The menu bar following the app has always been a feature of the Mac OS. It's nothing to do with using one app at a time, it's to do with the muscle memory advantage of just shoving the mouse to the top of the screen regardless of which application you're using.
More specifically, it's an attempt to apply Fitts law to computer user interaction. Tog has an article on the thinking behind this.
Signatures are a waste of bandwi (buffering...)
For some reason, you spelled "Xfce" as "KDE"...
-B
Ash and Hickory, straight-grained and true, make excellent bludgeons, dandy for the cudgeling of vegetarians.
these superficial changes don't fix the GNOME3 philosophy of dictating user's workflow, and needing a fucking developer to make changes that are configurable by user in sane desktops. forget the fork, get a fire extinguisher for GNOME3, it's burnt beyond salvaging in the GNOME3 dev's oven; the smoke is stinking up the desktop Linux house. Listening to the remaniing few users fixes nothing.
This line of reasoning would be easier to appreciate if GNOME 3 had been a new project, or had been built with a new namespace so as to be able to coexist with 2.x on the same system.
It seems that steps were taken to deliberately force people to choose and move, and deliberately break the older stuff.
I used to hate both but now I just love them. The major problem with Gnome 3 is a little slow at 800mhz(cool N quiet) six core but flies at 2700mhz but hopefully 3.6 fixes this. Unity is indeed faster than gnome 3. Both are great at accessing your files, folders, and programs quick. This is why microsoft dumped the old start button in favor of a pop up interface(metroUI) that is able to access files, folders, programs quick even when using the search. But, the good thing about linux is that if you hate unity and gnome you can always go back to the old classical gnome or just use the eye candy kde 4.8 or kde 4.9 distros. Than you have xfce,lxde, cinnamon.
Stop bitching and whining about unity and gnome ruining the desktop you have plenty of other interfaces.
That is an eye-opener and no mistake. I never realised Gnome's problems ran so deep. I just thought the pigs had taken over the farm and were now putting on a little lip gloss to make themselves pretty.
You have to assume that Mate has inherited all of these problems and while Unity is still as ugly as a bulldog's backside and less use than a chocolate ashtray you have to wonder if its completely rewritten core could not in fact one day be used as the basis of something both elegant and useful.
I said - don't look Ethel!..., but it was too late..., she'd already looked.
Sing along to the tune of 'Developers, Developers. Developers!'
"Extensions, Extensions, Extensions!"
Its better every release. At least if you dont have a touch screen device KDE 4.9 is the my new old way of getting work done.
Unlike gnome which seems to regress every release. I am waiting for them to release their own version of X and Linux. .exe and .so files could be called dll i guess...
A system with integration of all components into one monolithic thing.
Like Kernel/X/DE/... in just on bin.
Also might want to start calling bins excecutable files and shotren their extensions to
You want to keep your old ways, while I want to move on. If I am a commercial developer, I'd weigh the value of keeping you as a customer and offer you a support contract to compensate me for the work required to keep you comfortably in the past.
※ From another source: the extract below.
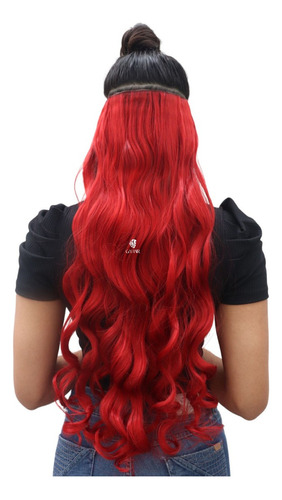 Extensão De Cabelo Tic Tac P/mega Hair Fibra Organica 150gr Cor Ondulado: Vermelho 130m98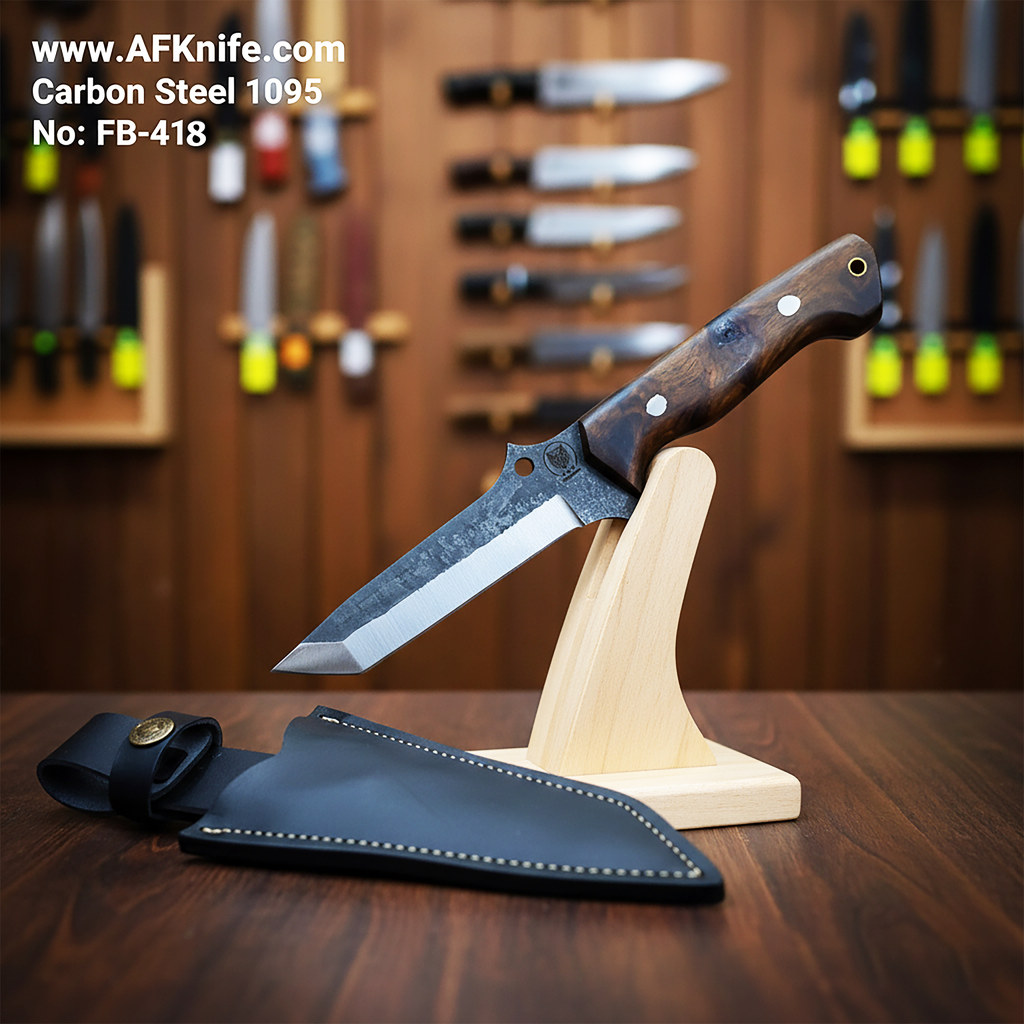 [418] Fixed Blade Carbon Steel 1095 + Rose Wood Handle + Leather Sheath + 58-59 HRC - Tanto Style No: FB-418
that's, of course, your call. and vanishing confidence on any present or future shit you might roll out is logical consequence.
If I am an open source developer, you are not likely to be interested in paying for my efforts, so what incentive have I to do things your way when I believe I can do things better my way? That's what forks are for. GNOME 2 has been forked and people like you who love the old interface can keep working on it.
you just looked at the true beauty of open software. and you just explained pretty clearly why I have no interest at all in comercial closed software. if it isn't open, it just aint "software". it's more like a service you can (and will) disrupt or discontinue as you please. not interested.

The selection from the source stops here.